The government will push a national-level "K-moonshot" project to strengthen science and technology competitiveness in the age of artificial intelligence (AI). It plans to reorganize research and development (R&D) around national missions by pooling dispersed research resources and capabilities, and to deliver results through a private expert–led operating system.
The Ministry of Science and ICT said on the 25th that the National AI Strategy Committee approved the "K-moonshot promotion strategy" at its second plenary meeting.
The government set a goal of doubling the share of top 1% most-cited papers from 4.1% to 8.2% by 2030. By 2035, it will seek to solve 12 national missions across eight sectors by leveraging science and technology AI.
The core is building a "national science AI integrated platform." The government will provide integrated support for AI-dedicated research data, graphics processing units (GPUs), AI models, autonomous laboratories, and AI agents, and plans to secure more than 8,000 GPUs for science and technology AI by utilizing capacity including the sixth supercomputer.
It will also open research data from government-funded institutes and institutes of science and technology, and establish data standardization and sharing incentive systems. In six sectors—bio, materials, secondary batteries, semiconductors and displays, earth science, and mathematics—it will invest 464 billion won to develop science-specialized AI foundation models.
As candidates for national missions, 12 tasks in eight sectors—advanced bio, future energy, physical AI, space, materials, AI scientist, semiconductors, and quantum—were proposed. The government plans to finalize the missions next month after expert review and interagency consultations.

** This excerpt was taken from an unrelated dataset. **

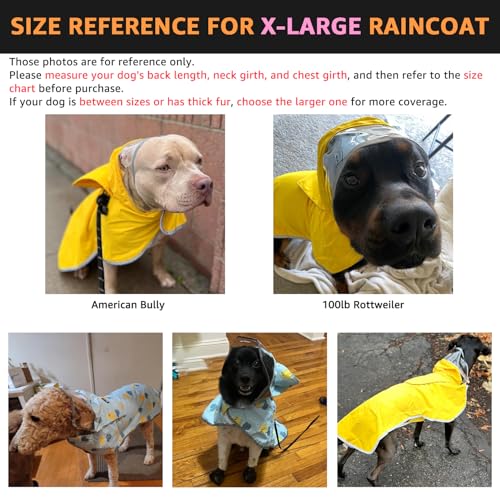 Dog Raincoat Waterproof Dog Rain Jacket with Clear Hooded (Orange / X-Large)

The K-moonshot will be run under a private program director (PD)–centered model. PDs for each mission will oversee coordination of existing projects, planning of new large-scale R&D, and integrated coordination of projects and budgets, and the government will also push to enact a special law to support this.
Bae Kyung-hoon, Deputy Prime Minister and Minister of the Ministry of Science and ICT, said, "Since the launch of the administration, by rallying all-out efforts from the public and private sectors around the National AI Strategy Committee, Korea has laid the foundation to be among the top three in AI," adding, "Now is the time to specify tasks that the public can feel and to implement them with speed, so it is important that all ministries cooperate to produce tangible results in earnest."